Everyone at school thought Dodge was a pussy. He knew that. He looked like a pussy. He’d always been tall and skinny—angles and corners, his mom said, just like his father. As far as he knew, the angles—and the dark skin—were the only things he had in common with his dad, a Dominican roofer his mom had been with for one hot second back in Miami. Dodge could never even remember his name. Roberto. Or Rodrigo. Some shit like that.

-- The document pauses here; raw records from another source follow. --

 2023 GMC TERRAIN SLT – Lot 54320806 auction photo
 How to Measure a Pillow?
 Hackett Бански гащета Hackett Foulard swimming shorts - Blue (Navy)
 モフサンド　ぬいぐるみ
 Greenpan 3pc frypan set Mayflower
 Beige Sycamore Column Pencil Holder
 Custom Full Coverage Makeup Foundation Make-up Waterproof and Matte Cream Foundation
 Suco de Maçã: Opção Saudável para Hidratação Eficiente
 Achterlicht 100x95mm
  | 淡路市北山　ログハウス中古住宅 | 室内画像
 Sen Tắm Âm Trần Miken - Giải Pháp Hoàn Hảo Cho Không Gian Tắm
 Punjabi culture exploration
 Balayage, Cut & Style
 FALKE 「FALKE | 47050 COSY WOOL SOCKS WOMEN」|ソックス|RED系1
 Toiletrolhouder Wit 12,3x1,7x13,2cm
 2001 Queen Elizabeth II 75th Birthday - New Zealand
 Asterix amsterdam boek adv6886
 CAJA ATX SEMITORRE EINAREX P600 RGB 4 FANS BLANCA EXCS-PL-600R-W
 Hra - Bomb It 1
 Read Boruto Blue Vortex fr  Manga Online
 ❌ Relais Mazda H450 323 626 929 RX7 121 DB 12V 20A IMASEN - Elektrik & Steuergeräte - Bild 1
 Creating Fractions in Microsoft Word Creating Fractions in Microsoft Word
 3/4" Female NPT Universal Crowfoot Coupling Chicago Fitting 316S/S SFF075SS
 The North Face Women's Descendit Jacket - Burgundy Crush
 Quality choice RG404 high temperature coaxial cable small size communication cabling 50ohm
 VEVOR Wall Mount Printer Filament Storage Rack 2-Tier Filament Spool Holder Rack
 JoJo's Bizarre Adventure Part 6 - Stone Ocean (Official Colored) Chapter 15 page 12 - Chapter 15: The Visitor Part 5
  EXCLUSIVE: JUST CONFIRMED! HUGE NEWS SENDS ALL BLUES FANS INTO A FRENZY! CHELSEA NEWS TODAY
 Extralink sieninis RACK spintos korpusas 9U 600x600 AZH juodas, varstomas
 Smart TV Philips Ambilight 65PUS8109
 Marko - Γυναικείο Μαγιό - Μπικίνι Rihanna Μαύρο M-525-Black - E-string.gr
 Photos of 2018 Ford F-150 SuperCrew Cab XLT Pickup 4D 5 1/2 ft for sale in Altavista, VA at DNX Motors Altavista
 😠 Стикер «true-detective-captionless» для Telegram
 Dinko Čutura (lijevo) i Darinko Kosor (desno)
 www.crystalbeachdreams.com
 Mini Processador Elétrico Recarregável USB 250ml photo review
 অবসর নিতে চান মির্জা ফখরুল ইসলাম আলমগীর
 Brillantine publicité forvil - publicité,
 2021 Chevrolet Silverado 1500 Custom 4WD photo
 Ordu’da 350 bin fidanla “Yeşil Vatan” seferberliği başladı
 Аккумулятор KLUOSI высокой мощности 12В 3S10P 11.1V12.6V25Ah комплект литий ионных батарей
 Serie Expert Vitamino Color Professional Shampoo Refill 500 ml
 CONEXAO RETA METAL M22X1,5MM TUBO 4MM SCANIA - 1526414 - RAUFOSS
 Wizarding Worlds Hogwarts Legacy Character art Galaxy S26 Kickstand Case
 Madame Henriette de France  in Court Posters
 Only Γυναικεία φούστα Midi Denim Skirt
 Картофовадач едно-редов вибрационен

Back when they’d first gotten stuck in Carp (that’s how he always thought about it—getting stuck—he, Dayna, and his mom were just like empty plastic bags skipping across the country on fitful bits of wind, occasionally getting snagged around a telephone pole or under the tires of some semi, pinned in place for a bit), he’d been beat up three times: once by Greg O’Hare, then by Zev Keller, and then by Greg O’Hare again, just to make sure that Dodge knew the rules. And Dodge hadn’t swung back, not once.

He’d had worse before.

And that was Dodge’s second secret, and the source of his power.